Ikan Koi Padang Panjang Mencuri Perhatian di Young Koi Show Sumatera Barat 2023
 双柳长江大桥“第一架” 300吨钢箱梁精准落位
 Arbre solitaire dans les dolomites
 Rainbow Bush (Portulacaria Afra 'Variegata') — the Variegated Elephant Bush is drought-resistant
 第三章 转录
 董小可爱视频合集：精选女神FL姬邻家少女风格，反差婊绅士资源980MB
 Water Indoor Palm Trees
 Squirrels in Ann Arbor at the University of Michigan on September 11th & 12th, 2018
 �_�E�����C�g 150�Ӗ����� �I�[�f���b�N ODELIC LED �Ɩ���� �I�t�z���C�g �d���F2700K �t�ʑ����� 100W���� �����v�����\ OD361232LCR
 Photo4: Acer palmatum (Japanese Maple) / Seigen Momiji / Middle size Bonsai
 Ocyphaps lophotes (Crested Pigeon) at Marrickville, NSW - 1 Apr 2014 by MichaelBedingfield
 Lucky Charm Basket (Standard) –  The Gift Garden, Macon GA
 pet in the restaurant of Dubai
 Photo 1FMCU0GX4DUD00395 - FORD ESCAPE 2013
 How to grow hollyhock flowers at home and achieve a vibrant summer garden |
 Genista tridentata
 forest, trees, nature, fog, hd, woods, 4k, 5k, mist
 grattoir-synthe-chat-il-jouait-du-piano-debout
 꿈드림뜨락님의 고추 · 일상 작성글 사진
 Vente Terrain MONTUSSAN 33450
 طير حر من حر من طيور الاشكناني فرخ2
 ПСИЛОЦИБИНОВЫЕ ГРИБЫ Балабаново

========

Write out exactly the lines from the one with "grattoir-synthe-chat-il-jouait-du-piano-debout" through the end of the records above, both ends included, and leave out all other lines.

 grattoir-synthe-chat-il-jouait-du-piano-debout
 꿈드림뜨락님의 고추 · 일상 작성글 사진
 Vente Terrain MONTUSSAN 33450
 طير حر من حر من طيور الاشكناني فرخ2
 ПСИЛОЦИБИНОВЫЕ ГРИБЫ Балабаново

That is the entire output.